Peristiwa tindakan penganiayaan berupa pemukulan yang berujung kematian itu berawal dari korban dan temannya masuk kelas dengan mengenakan kaos olahraga. Kemudian tindakan korban dan teman-temannya tersebut dianggap sebagai sebuah kesalahan oleh tersangka TRS. Sehingga korban dan empat temannya dikumpulkan di dalam toilet.
Siapa yang terkuat...
Selanjutnya, kata Gidion, tersangka TRS menanyakan siapa yang paling kuat diantara mereka. Lalu korban menjawab bahwa dirinyalah yang paling kuat diantara teman-temannya.

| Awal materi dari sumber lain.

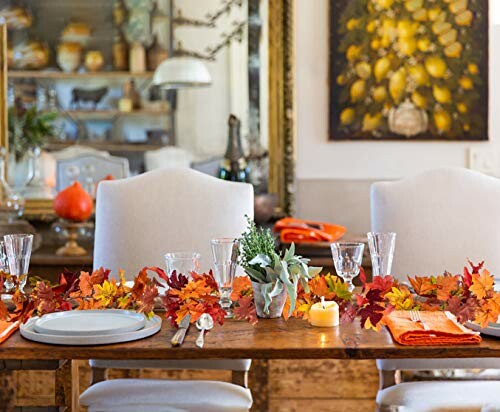 Dining table decorated with autumn leaves and candles.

Karena korban merasa dirinya adalah ketua kelompok dari komunitas tingkat 1 ini. Lalu secara tiba-tiba tersangka TRS langsung melayangkan pukulan tepat di ulu hatinya. Setelah menerima pukulan sebanyak lima kali, korban langsung roboh.
“Penindakan yang dilakukan ini menggunakan kekerasan tangan kosong, tidak menggunakan alat apa-apa, jadi pemukulan menggunakan tangan kosong,” Gidion menambahkan.
Kemudian melihat korban tersungkur, tersangka TRS menyuruh keempat rekan korban meninggalkan toilet. Lalu tersangka TRS membawa korban ke ruang kelas sebelah toilet untuk melakukan upaya pertolongan. Berdasarkan pengakuannya, TRS berusaha menolong dengan cara menarik lidah korban keluar. Namun sayangnya, justru hal itu membuat korban tidak bisa bernapas dan meninggal dunia
“Penyelamatan dilakukan dengan memasukkan tangan ke mulut korban untuk menarik lidahnya. Tapi itu justru yang menutup saluran (pernapasan), korban meninggal dunia,” beber Gidion.
Guna mempertanggungjawabkan perbuatannya, tersangka TRS dijerat dengan Pasal 338 juncto subsider Pasal 351 ayat 3 Kitab Undang-Undang Hukum Pidana. Adapun hukuman yang bakal diterima tersangka adalah ancaman pidana maksimal 15 tahun. "Ini pelaku tunggal yang melakukan aksi ini," ucap Gidion.